It is crucially important to pay attention to ergonomics and learn to be relaxed. Mice, in my opinion, are terrible. It depends on the task, of course. In my case, my time is split between EDA CAD (electronics design), software development and mechanical 3D CAD. In other words, reaching for the mouse is unavoidable. In this context, the trackball has proven to be the right tool for the job. I have tried some of the fancy 3D knob technology and more. None of it really worked for me.

Here are a couple of old pictures showing the key element in the design; a dropped-down surface for the keyboard and trackball and a nice forearm support bar.

https://i.imgur.com/S8gOPh7.jpg

https://i.imgur.com/PoKDNOk.jpg

Your hand should droop into the cavity. The shoulders, arm, forearm, wrist and hand should be as relaxed as possible. This worked for me.

I have also used for some years a thumb-actuated trackball, which was a great improvement in comfort over a mouse.

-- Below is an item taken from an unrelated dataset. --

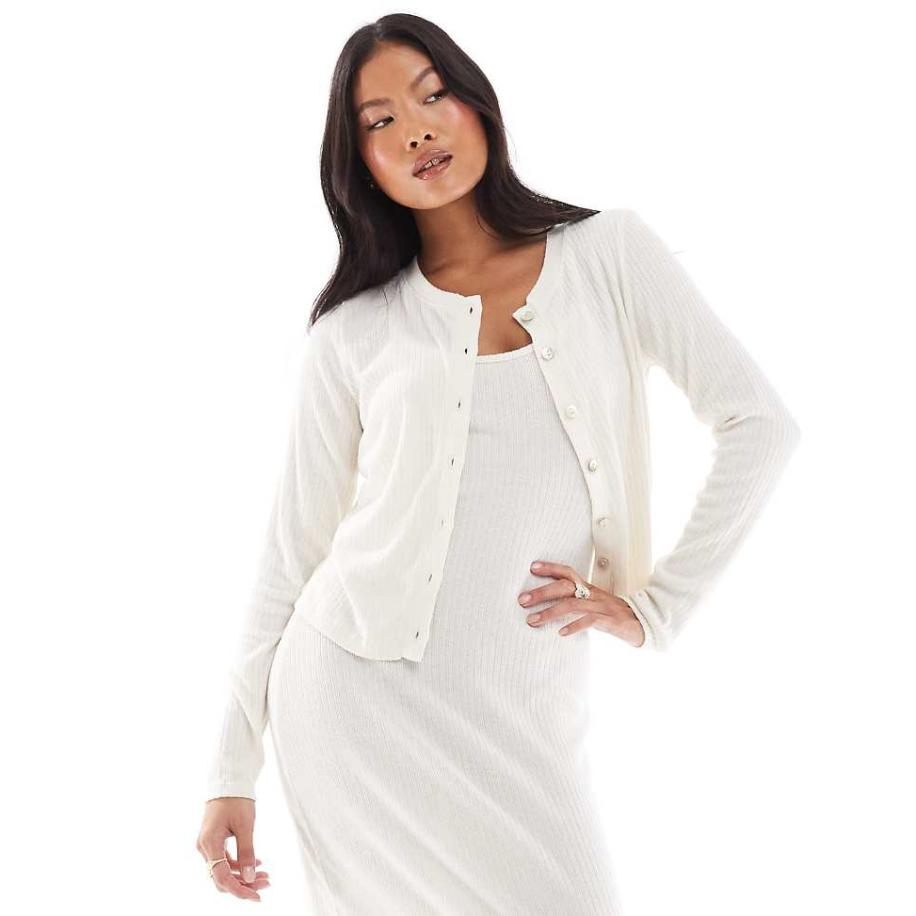 Vero Moda Petite Zacht geribbeld vest in gemêleerd crème, deel van co-ord set-Neutraal Multicolor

However, more recently I have replaced it with a Wacom graphic tablet configured in mouse mode, which, at least for me, has been a huge improvement in precision, speed and comfort over any mouse, trackball, trackpoint or touchpad.

I guess the question is: What do you do?

In my case it spans a range from typical office/email applications to mechanical 3D CAD, software engineering, electronics CAD, various specialized manufacturing tools/applications and graphic design software. It's varied enough that there's no way I could use a Wacom tablet (I have a few). The trackball seems to be the best common denominator for everything but running tools like Photoshop/GIMP/Corel. In that case the preference these days for us has shifted to drawing tablets with built-in displays (https://www.xp-pen.com/).

Upping the sensitivity and switching to the soft rim cap makes a huge difference. We have ThinkPads at work and I'm not surprised most of my colleagues don't like the Trackpoint with its default cap and settings; Lenovo aren't doing it and favours.
> I always feel like my options for newer laptops are limited because of this, forever tied to Lenovo.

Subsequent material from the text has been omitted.